Gunmen shot dead 14 civilians in an attack on a village in northeastern Mali, a local official said on Monday, amid a spate of killings by rival ethnic groups and jihadist militants that threatens to derail a presidential election later this month.

Nanou Kotia, the mayor of the regional hub of Menaka, said the attack had occurred on Sunday in a remote village 55 km (30 miles) away, near the border with Niger.

“The assailants came and opened fire on people. According to our information, there were 14 people killed, all civilians, and one truck and three other vehicles were burned,” he told Reuters by telephone.

The mayor did not say who he believed was responsible for the attack.
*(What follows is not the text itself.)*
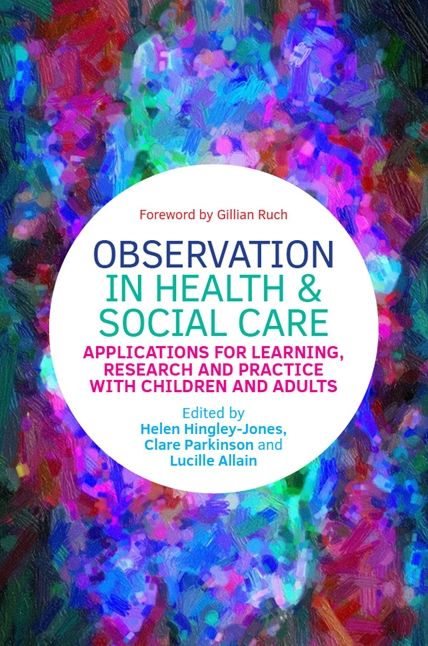 Observation in Health and Social Care: Applications for Learning, Research and Practice with Children and Adults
Previous killings have been carried out by Islamist militants active in the area as well as by fighters from ethnic militia.

A statement by the Tuareg militia Gatia said the assailants belonged to a criminal gang operating along the Niger border and had targeted Tuareg civilians in the village of Injagalane.

Suspected jihadists killed more than 50 Tuareg civilians during similar village raids near Menaka in April and May, seeking to exploit ethnic tensions between mostly lighter-skinned Tuareg pastoralists and black Fulani herdsmen.

The violence in Mali, which is also used by jihadist groups as a launch pad for attacks into neighbouring countries, worries Western powers such as France and the United States, which have deployed thousands of troops to the semi-arid Sahel region.

Malians are due to vote in a presidential election in less than two weeks. The poll is meant to chart a way out of six years of political unrest and jihadist violence but the situation has only grown more volatile in recent months.

The jihadists – some with links to al Qaeda – first seized control over Mali’s desert north in 2012 before being pushed back by a French-led intervention. But they have since regrouped and now regularly attack Malian and international forces.